Below are the entries to work from; restate word for word the portion that opens with the line containing "Dream in Diesel" and closes with the line containing "Karat Klappstuhl Okinawa", keeping both.
***** SUPPLIED DATA *****
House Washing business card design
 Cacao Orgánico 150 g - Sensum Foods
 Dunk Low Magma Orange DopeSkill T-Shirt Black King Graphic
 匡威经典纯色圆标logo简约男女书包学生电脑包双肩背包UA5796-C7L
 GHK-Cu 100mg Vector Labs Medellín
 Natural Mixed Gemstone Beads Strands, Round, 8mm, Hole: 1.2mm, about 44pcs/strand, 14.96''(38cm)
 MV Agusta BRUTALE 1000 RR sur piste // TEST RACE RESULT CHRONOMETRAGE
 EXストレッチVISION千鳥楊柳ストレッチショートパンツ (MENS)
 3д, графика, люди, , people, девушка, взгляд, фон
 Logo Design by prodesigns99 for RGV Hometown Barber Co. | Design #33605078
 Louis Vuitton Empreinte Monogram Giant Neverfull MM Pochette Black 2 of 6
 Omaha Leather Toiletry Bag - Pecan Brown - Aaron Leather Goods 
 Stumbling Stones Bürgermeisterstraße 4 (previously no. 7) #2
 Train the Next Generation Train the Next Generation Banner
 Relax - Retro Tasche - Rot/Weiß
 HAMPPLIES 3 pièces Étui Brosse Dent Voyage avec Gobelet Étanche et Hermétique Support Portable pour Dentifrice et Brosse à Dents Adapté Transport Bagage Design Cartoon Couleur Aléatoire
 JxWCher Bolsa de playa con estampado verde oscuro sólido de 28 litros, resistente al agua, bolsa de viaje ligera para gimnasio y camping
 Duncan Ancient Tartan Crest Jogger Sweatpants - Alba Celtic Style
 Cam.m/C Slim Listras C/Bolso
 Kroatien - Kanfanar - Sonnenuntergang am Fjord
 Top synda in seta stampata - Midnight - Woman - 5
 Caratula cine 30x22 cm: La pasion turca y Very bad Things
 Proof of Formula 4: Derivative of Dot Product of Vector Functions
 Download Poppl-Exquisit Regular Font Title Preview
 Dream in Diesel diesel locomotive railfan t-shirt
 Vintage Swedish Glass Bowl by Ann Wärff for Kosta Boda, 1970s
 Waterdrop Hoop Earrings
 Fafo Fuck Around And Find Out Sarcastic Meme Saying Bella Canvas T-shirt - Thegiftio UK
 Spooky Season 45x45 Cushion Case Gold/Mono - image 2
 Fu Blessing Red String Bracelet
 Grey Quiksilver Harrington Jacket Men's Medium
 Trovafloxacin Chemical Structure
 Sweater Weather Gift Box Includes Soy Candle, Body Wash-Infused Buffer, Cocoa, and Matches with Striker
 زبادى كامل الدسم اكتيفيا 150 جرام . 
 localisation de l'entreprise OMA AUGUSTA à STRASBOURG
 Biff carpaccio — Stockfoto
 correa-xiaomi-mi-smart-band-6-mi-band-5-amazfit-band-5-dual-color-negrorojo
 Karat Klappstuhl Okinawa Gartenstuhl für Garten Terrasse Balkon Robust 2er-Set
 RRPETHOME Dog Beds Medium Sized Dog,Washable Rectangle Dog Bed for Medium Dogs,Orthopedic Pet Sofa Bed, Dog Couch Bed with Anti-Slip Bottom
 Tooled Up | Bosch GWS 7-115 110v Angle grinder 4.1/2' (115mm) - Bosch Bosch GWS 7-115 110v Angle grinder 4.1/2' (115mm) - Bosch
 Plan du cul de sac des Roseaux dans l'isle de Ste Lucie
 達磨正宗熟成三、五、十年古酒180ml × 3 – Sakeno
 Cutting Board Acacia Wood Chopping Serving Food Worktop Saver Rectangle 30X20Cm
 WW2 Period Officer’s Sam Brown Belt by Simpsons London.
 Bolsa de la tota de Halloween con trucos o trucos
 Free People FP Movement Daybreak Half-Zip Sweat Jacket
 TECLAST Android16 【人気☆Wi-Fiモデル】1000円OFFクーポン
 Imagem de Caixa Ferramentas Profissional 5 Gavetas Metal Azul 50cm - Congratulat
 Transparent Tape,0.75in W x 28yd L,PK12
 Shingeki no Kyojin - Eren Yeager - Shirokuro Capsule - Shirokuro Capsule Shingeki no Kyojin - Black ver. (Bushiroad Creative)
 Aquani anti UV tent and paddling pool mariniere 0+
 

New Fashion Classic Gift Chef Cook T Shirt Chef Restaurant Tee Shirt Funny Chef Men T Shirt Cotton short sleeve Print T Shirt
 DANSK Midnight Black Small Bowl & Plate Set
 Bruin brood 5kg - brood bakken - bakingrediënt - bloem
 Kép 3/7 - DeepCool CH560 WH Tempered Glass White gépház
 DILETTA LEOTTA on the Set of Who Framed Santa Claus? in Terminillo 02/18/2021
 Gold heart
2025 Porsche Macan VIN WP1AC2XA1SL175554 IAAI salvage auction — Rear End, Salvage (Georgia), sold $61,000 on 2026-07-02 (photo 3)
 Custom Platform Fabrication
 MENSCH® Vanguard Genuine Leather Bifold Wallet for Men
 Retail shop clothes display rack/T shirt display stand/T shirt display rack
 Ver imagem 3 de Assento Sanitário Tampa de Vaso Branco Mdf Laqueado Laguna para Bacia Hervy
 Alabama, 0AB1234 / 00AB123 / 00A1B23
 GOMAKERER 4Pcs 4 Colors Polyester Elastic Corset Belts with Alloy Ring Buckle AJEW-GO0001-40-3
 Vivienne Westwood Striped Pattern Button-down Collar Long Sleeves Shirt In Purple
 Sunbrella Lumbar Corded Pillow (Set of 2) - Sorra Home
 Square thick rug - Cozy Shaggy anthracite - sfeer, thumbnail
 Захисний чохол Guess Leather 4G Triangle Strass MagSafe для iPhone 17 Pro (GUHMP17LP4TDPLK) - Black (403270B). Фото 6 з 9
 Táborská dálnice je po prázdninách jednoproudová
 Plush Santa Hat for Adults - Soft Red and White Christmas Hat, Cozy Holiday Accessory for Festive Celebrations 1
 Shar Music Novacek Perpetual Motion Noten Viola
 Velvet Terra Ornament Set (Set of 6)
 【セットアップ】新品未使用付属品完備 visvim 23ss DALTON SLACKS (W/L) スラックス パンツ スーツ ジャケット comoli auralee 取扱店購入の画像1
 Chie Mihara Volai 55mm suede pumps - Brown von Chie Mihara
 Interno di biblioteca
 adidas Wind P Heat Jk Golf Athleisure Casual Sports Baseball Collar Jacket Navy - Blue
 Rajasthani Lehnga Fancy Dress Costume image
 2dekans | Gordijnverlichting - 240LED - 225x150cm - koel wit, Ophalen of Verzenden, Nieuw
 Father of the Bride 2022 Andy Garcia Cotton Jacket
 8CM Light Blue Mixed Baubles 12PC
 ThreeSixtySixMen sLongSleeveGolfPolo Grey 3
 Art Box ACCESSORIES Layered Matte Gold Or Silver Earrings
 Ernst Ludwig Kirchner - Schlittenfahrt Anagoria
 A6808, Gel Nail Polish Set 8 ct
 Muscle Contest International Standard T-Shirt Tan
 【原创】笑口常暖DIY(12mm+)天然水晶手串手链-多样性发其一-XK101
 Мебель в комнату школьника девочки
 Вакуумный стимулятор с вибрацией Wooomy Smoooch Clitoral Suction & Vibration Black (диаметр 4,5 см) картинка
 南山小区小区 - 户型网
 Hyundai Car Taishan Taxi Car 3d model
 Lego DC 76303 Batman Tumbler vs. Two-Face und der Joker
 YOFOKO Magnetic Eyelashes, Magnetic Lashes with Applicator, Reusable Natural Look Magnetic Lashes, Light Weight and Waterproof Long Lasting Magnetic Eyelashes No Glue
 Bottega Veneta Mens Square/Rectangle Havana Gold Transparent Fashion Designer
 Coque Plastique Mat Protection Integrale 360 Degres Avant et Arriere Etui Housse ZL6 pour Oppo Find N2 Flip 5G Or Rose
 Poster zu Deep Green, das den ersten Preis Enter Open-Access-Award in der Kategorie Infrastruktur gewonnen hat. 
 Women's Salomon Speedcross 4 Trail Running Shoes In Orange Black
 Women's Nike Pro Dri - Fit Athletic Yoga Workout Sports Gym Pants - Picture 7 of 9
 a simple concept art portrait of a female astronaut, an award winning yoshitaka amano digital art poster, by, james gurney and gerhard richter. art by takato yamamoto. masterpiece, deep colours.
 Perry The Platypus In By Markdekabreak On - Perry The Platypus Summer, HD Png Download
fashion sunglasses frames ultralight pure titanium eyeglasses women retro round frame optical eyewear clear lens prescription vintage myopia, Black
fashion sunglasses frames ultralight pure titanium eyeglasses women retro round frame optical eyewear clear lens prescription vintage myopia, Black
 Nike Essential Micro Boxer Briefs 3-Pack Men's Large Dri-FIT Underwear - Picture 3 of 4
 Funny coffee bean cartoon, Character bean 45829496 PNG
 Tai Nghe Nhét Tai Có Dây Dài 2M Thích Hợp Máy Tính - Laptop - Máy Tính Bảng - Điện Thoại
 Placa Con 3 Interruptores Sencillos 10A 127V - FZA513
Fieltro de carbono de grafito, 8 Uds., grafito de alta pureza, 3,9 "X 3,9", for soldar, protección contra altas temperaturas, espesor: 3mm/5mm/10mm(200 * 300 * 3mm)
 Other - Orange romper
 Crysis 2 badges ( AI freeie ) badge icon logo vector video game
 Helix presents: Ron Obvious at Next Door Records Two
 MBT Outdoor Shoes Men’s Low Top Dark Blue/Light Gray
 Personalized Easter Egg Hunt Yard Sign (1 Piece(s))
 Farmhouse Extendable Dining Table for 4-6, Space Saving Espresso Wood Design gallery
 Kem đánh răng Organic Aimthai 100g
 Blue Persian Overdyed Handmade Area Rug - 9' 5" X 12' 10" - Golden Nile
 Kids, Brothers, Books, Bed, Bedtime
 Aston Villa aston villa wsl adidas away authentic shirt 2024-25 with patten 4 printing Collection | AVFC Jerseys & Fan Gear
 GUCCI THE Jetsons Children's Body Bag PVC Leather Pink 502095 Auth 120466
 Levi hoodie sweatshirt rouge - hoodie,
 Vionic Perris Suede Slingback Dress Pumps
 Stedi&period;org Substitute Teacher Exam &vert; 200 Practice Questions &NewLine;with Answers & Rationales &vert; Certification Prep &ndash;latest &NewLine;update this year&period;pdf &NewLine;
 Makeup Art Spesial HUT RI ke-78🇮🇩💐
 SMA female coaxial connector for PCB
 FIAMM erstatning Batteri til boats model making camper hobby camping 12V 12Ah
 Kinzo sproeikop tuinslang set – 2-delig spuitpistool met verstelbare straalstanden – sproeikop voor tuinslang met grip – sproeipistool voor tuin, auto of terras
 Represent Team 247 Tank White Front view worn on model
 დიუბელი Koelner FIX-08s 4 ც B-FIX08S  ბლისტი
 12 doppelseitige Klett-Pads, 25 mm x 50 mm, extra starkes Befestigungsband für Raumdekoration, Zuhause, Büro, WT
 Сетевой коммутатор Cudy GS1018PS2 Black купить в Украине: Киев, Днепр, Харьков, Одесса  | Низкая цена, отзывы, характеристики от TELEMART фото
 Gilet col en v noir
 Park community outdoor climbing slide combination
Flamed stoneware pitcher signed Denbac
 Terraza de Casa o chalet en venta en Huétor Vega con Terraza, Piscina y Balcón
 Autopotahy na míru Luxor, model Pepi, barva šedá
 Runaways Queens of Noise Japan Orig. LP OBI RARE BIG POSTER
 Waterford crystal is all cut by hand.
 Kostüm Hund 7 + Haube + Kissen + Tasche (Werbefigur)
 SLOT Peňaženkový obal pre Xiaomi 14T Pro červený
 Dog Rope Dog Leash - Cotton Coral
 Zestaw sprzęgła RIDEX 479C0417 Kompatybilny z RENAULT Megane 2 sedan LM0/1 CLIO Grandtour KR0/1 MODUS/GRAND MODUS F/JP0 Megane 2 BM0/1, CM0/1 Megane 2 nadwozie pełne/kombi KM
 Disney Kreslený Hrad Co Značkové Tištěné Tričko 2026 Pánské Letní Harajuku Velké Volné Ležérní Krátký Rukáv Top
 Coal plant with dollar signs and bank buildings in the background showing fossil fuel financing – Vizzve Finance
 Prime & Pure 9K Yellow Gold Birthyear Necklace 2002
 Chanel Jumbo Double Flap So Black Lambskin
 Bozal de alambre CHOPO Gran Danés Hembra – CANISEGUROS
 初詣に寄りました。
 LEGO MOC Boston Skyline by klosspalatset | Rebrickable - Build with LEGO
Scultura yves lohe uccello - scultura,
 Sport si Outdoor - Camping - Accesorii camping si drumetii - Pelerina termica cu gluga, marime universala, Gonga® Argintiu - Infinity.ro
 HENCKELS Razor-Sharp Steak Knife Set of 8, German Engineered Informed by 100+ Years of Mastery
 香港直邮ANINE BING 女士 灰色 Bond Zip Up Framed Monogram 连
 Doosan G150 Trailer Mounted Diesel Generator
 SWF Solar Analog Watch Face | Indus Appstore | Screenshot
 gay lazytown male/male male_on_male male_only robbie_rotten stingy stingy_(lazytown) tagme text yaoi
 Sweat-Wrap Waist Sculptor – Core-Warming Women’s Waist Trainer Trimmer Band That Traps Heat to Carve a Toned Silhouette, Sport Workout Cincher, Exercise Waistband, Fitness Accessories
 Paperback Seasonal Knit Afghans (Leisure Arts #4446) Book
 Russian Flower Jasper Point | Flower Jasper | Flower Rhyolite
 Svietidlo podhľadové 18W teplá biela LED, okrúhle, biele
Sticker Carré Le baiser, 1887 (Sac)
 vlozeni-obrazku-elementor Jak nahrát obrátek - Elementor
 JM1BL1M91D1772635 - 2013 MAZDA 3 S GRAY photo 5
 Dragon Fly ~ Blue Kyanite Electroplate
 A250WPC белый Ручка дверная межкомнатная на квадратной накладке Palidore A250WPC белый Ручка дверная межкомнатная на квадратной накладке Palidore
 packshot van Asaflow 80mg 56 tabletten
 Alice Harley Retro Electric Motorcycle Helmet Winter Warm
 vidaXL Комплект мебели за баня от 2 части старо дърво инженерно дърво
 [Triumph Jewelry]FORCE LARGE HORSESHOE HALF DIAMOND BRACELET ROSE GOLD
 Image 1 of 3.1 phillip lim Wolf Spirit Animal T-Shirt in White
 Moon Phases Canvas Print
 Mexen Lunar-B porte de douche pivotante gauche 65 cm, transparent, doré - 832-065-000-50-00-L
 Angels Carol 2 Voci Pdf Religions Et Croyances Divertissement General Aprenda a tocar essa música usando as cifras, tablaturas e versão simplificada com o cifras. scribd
*****
*ANSWER:*
 Dream in Diesel diesel locomotive railfan t-shirt
 Vintage Swedish Glass Bowl by Ann Wärff for Kosta Boda, 1970s
 Waterdrop Hoop Earrings
 Fafo Fuck Around And Find Out Sarcastic Meme Saying Bella Canvas T-shirt - Thegiftio UK
 Spooky Season 45x45 Cushion Case Gold/Mono - image 2
 Fu Blessing Red String Bracelet
 Grey Quiksilver Harrington Jacket Men's Medium
 Trovafloxacin Chemical Structure
 Sweater Weather Gift Box Includes Soy Candle, Body Wash-Infused Buffer, Cocoa, and Matches with Striker
 زبادى كامل الدسم اكتيفيا 150 جرام . 
 localisation de l'entreprise OMA AUGUSTA à STRASBOURG
 Biff carpaccio — Stockfoto
 correa-xiaomi-mi-smart-band-6-mi-band-5-amazfit-band-5-dual-color-negrorojo
 Karat Klappstuhl Okinawa Gartenstuhl für Garten Terrasse Balkon Robust 2er-Set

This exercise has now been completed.